• Exercise objective: Once the line with "نشست صمیمی مسئولین" is found, write it out along with every line after it, exactly, up to the last line of the entries below. Exclude pictures.

• Records supplied:
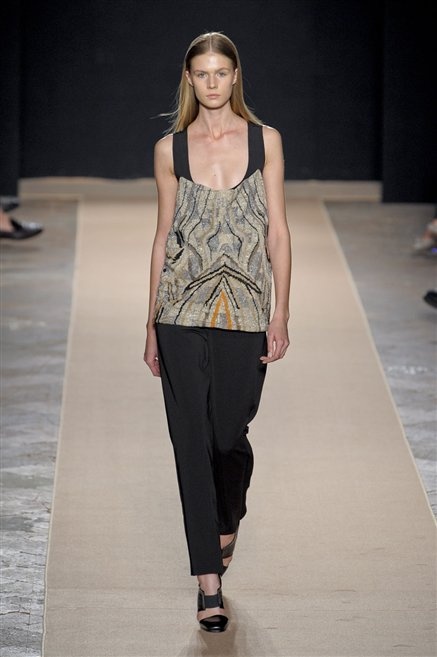 Fotoservizio/SS 2013/WOMEN/MARCO DE VINCENZO/DP1/23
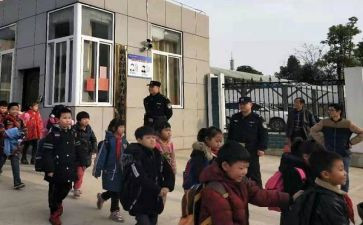 保护校园环境的倡议书最新5篇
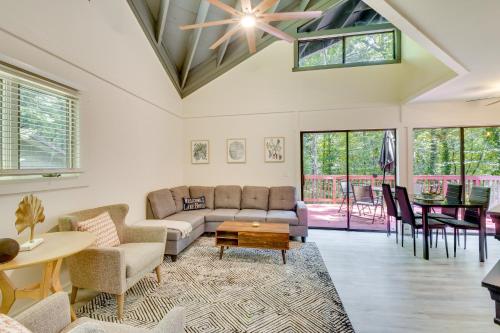 Peaceful Gainesville Cottage with Lake Lanier Access in Gainesville, USA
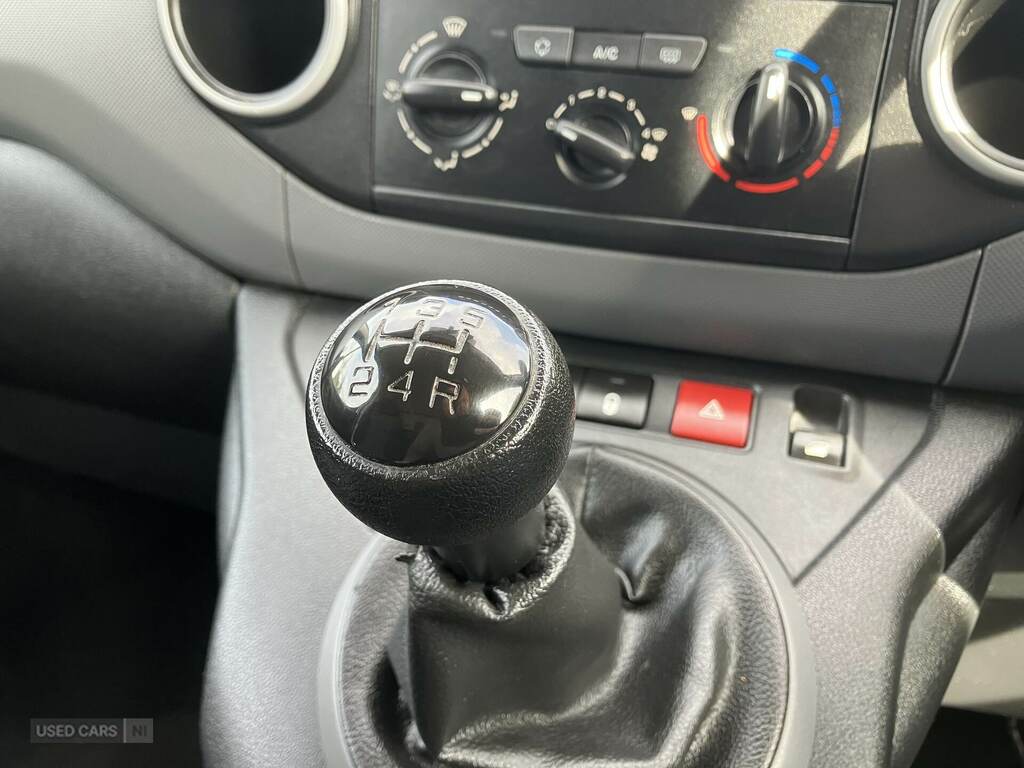 Peugeot Partner 1.6 Partner Professional Grey #16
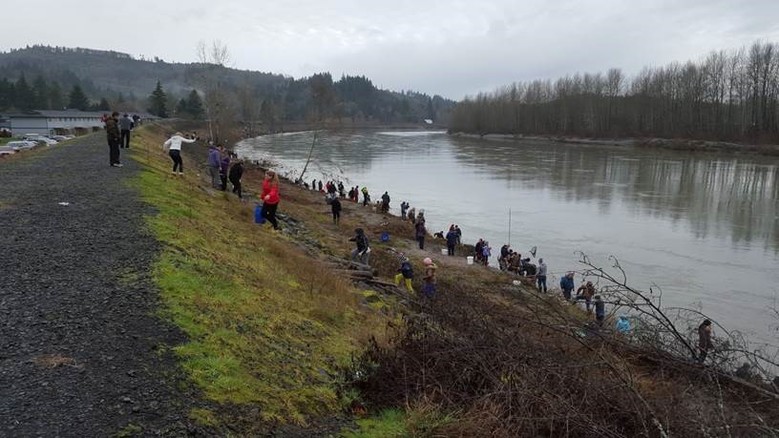 http://www.theoutdoorline.com/blog/wp-content/uploads/2018/01/CowlitzSmelt2016-780x438.jpg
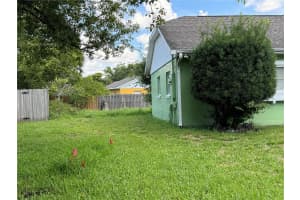 8330 LE MESA STREET, ORLANDO, FL 32827 Sold 09/30/24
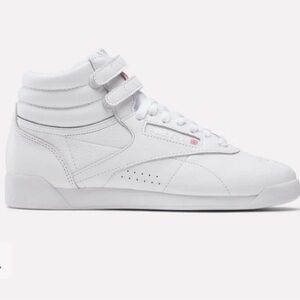 Reebok Classic Women’s Freestyle Hi-top 80’s sneakers EUC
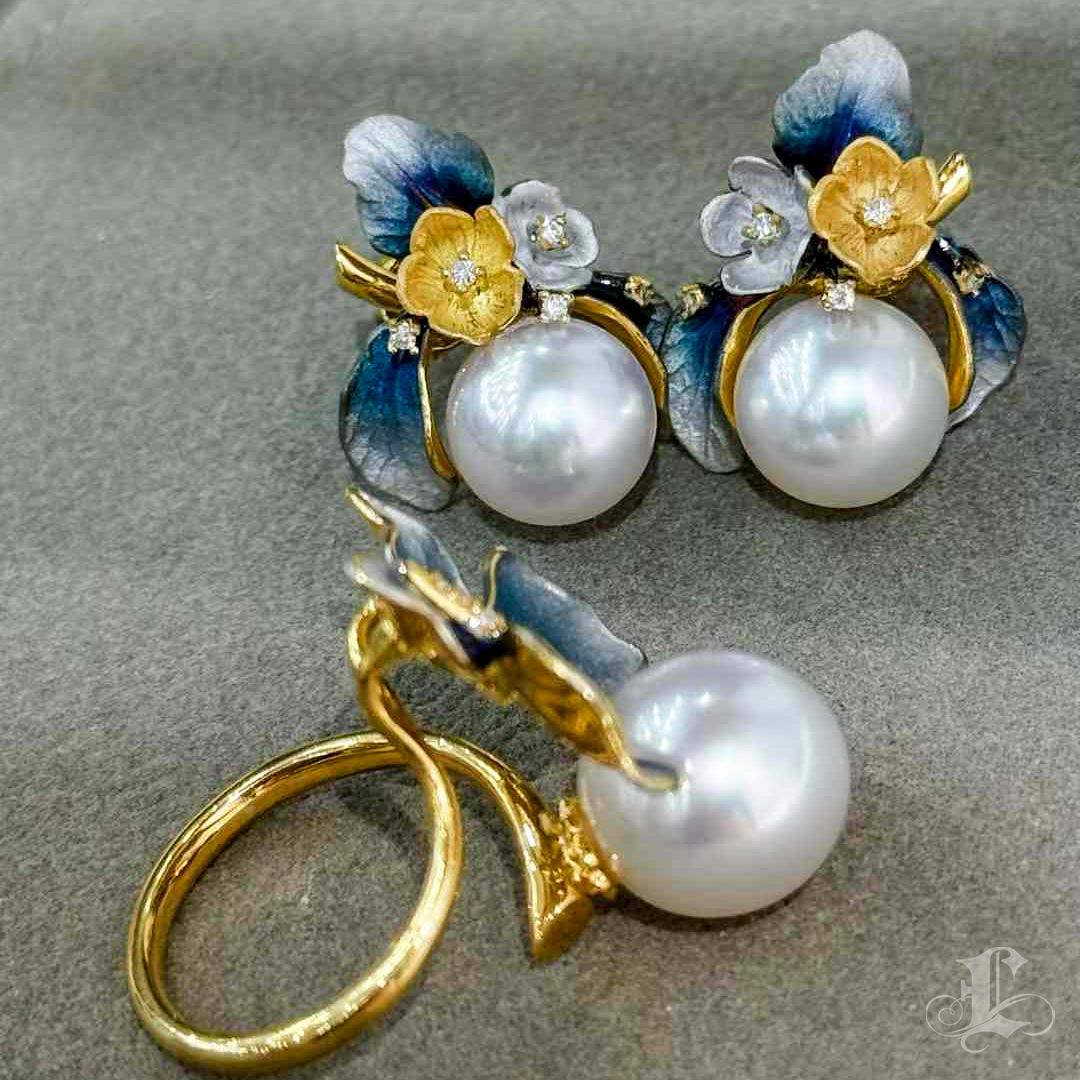 Whispering Garden Diamond Dust & Aurora South Sea Pearl Earrings In New Condition In New York, NY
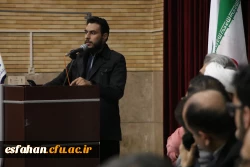 نشست صمیمی مسئولین دانشگاه با دانشجویان در پردیس شهید باهنر اصفهان  5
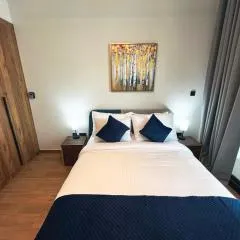 Maryah Island 1 Bed Junior Next to Cleveland Hospital by Central Stay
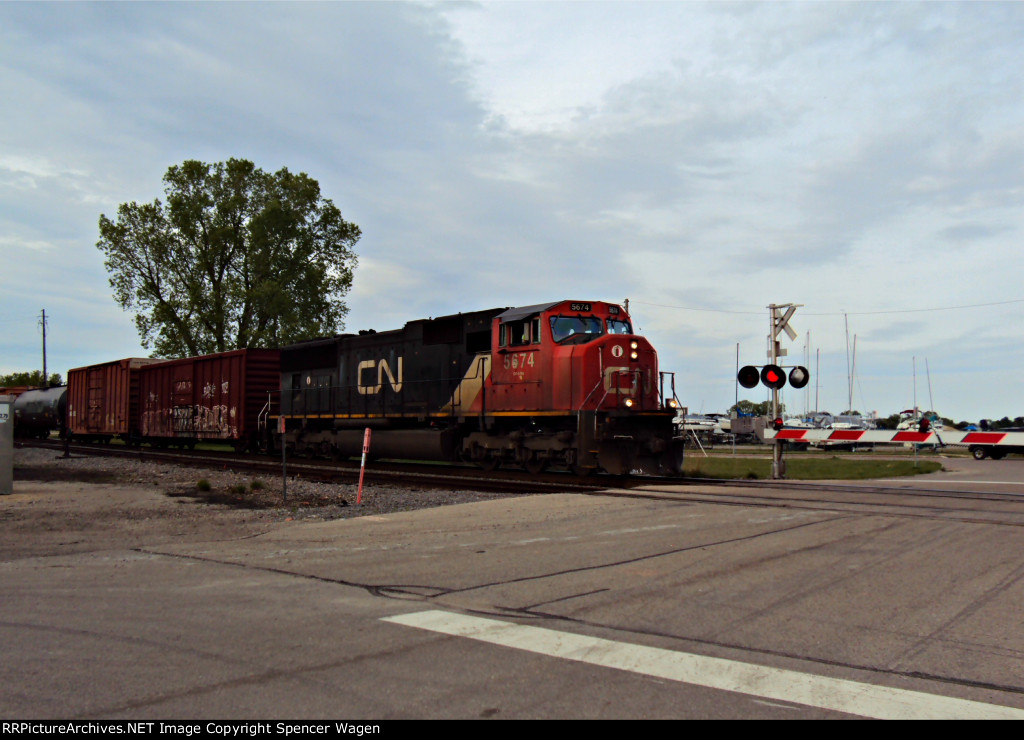 CN 5674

• Written reply:
 نشست صمیمی مسئولین دانشگاه با دانشجویان در پردیس شهید باهنر اصفهان  5
 Maryah Island 1 Bed Junior Next to Cleveland Hospital by Central Stay
 CN 5674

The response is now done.